WHEN Apple chief executive Tim Cook stepped on to the stage at the Flint Center in Cupertino, California, last September and announced the arrival of the long-rumoured Apple Watch, he got a standing ovation.
But reception back in the real world was far frostier. Ever since, press and consumers alike have been questioning the appeal of the bulky gadget with the minuscule battery life and hefty price tag.
The most frequently asked question about the Apple Watch became: is it going to flop?
Now that Cook and co have released their Q3 earnings report, we have a definitive answer, right?
Well, sort of.
Because they don’t want to reveal the exact figures, the wi-fi-enabled watch is lumped in with iPods, Beats Electronics and Apple TV in the “other products” category, which generated £1.7 billion in the three months to the end of June.
Bearing in mind the Watch only hit shops at the end of April, analysts estimate that equates to about three to four million units sold (prices start at £299 and range into the thousands for luxury editions). So not a flop then?

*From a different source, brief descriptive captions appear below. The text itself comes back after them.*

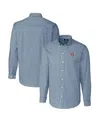 Cutter & Buck Men's Navy Gonzaga Bulldogs Easy Care Stretch Gingham Long Sleeve Button-down Shirt In Navy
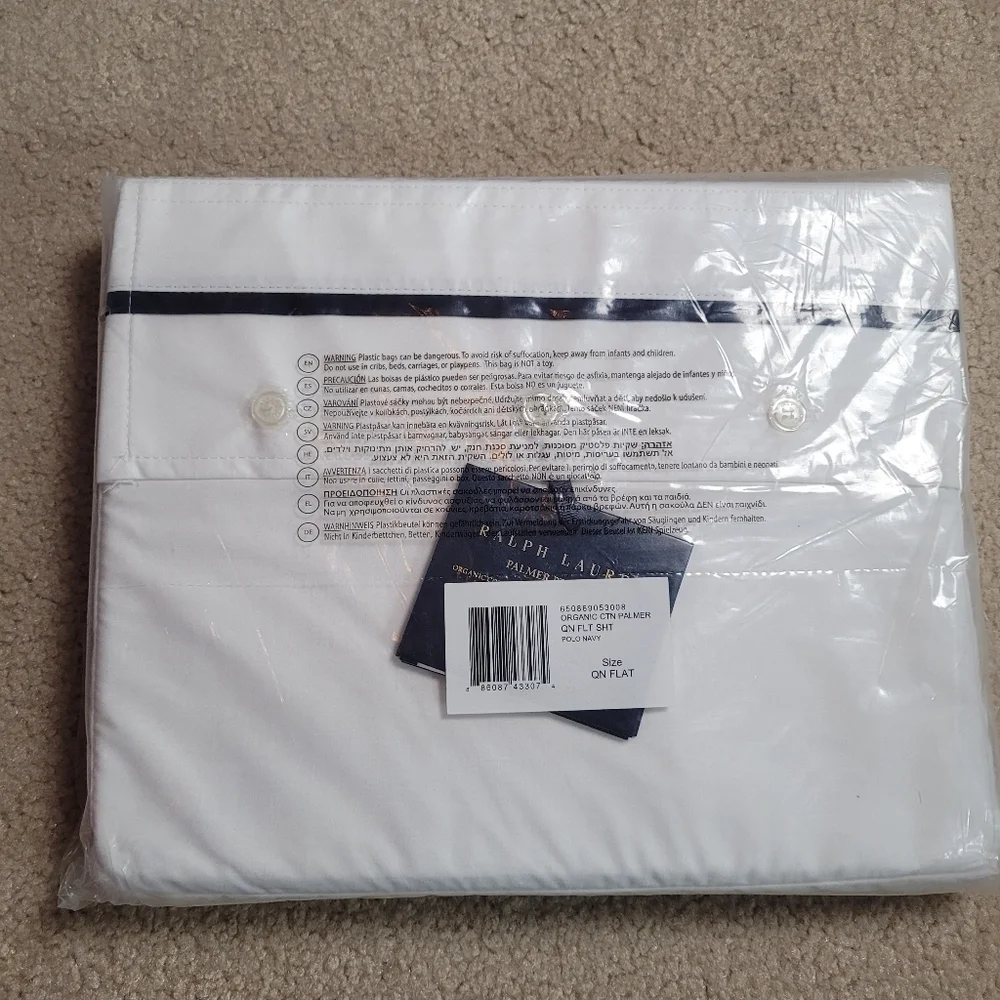 New Ralph Lauren Organic Cotton Palmer Percale Queen Flat Sheet White/ Polo Navy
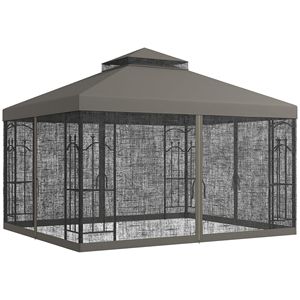 Abri de jardin d'angle 3x3,6m avec étagères, double toit, auvent extérieur et moustiquaire pour villas et cours, disponible en gris - Product Image 1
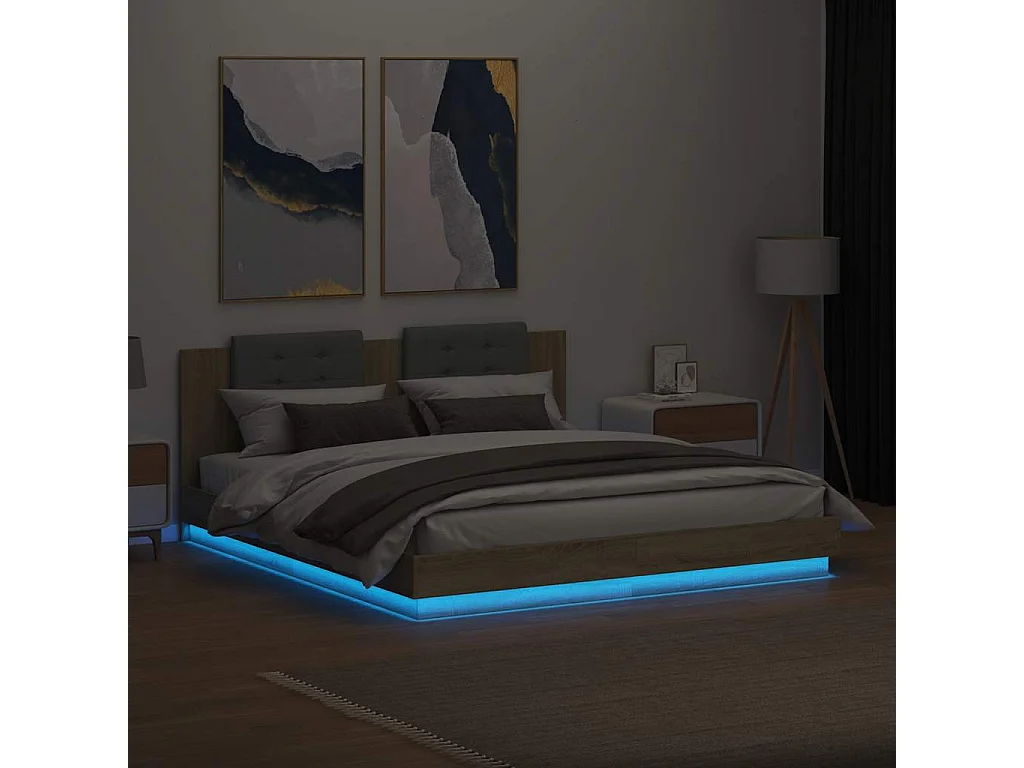 Bettgestell mit Kopfteil & LED-Leuchten Sonoma-Eiche 200x200 cm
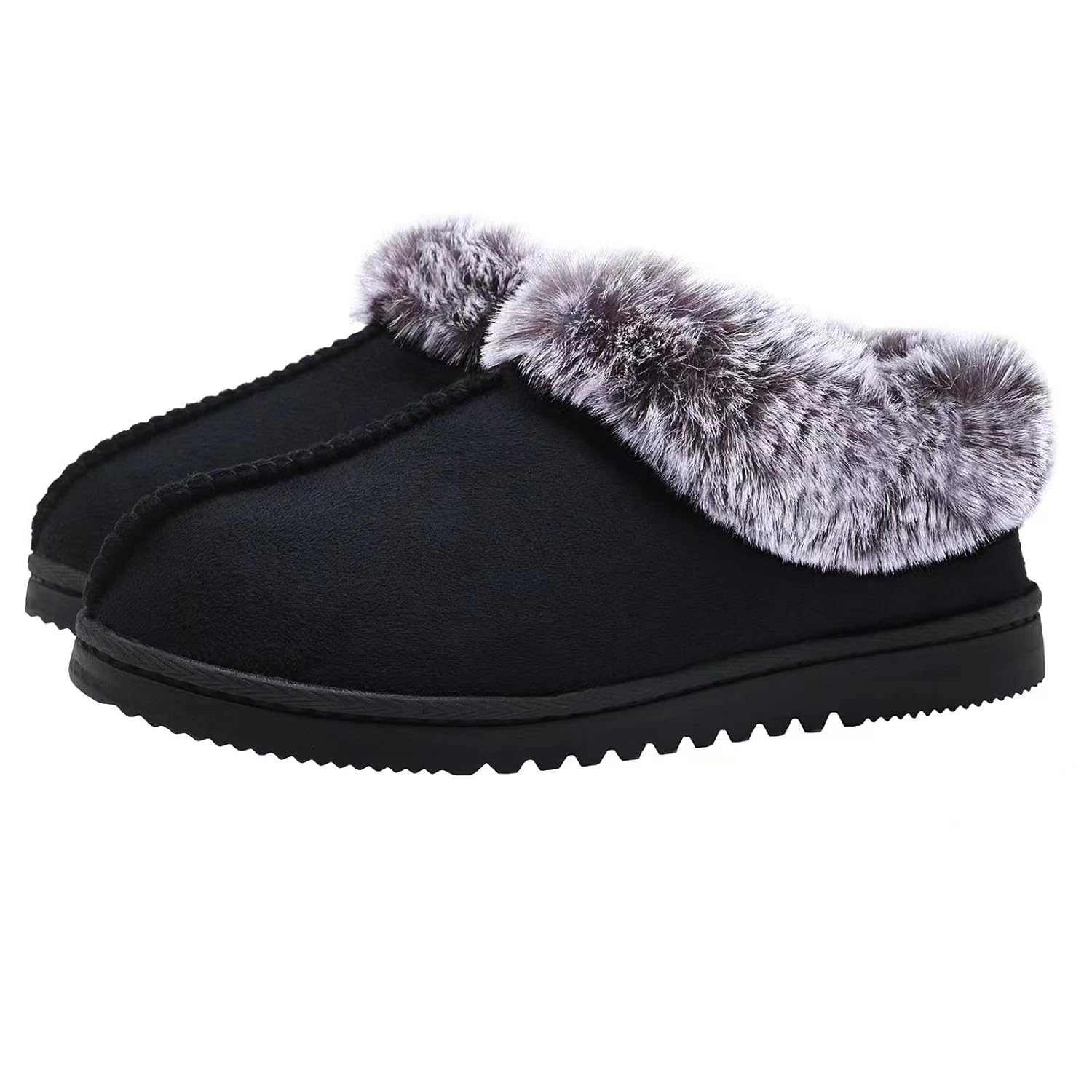 UBXRIN Womens Fuzzy Memory Foam Slippers Boots Cozy Faux Fur House Shoes Indoor Outdoor Rubber Sole Anti-Skid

“Obliterating the competition in an emerging category with one quite expensive product that’s tied to one smartphone, is not what I would call a flop,” says Wareable.com’s Sophie Charara. “The Apple Watch pretty much is the smartwatch market now, with a reported 75 per cent market share, its only real competition in wearable tech comes from Fitbit and Xiaomi, which both sell cheaper fitness bands.”
Plus, Cook told investors that sales were higher towards the end of the quarter, which puts the new release on track to beat first-year sales for the iPhone and iPad.
But in order to keep up that momentum, what Apple calls its “most personal device yet” has got a way to go.
“The Apple Watch hasn’t yet solved the problem of what a smartwatch should do,” Charara cautions, “but it has got people talking about wearables.
“Apple’s products tend to really break through after a year or two and the Watch needs some more real-world apps to make it more useful.”
Right now, 3 million-ish people are still getting to grips with their tech timepieces – if app developers can do enough to keep those early adopters on board and attract the next wave of purchasers, then the Apple Watch, like the iPhone before it, is heading for can’t-live-without-it status.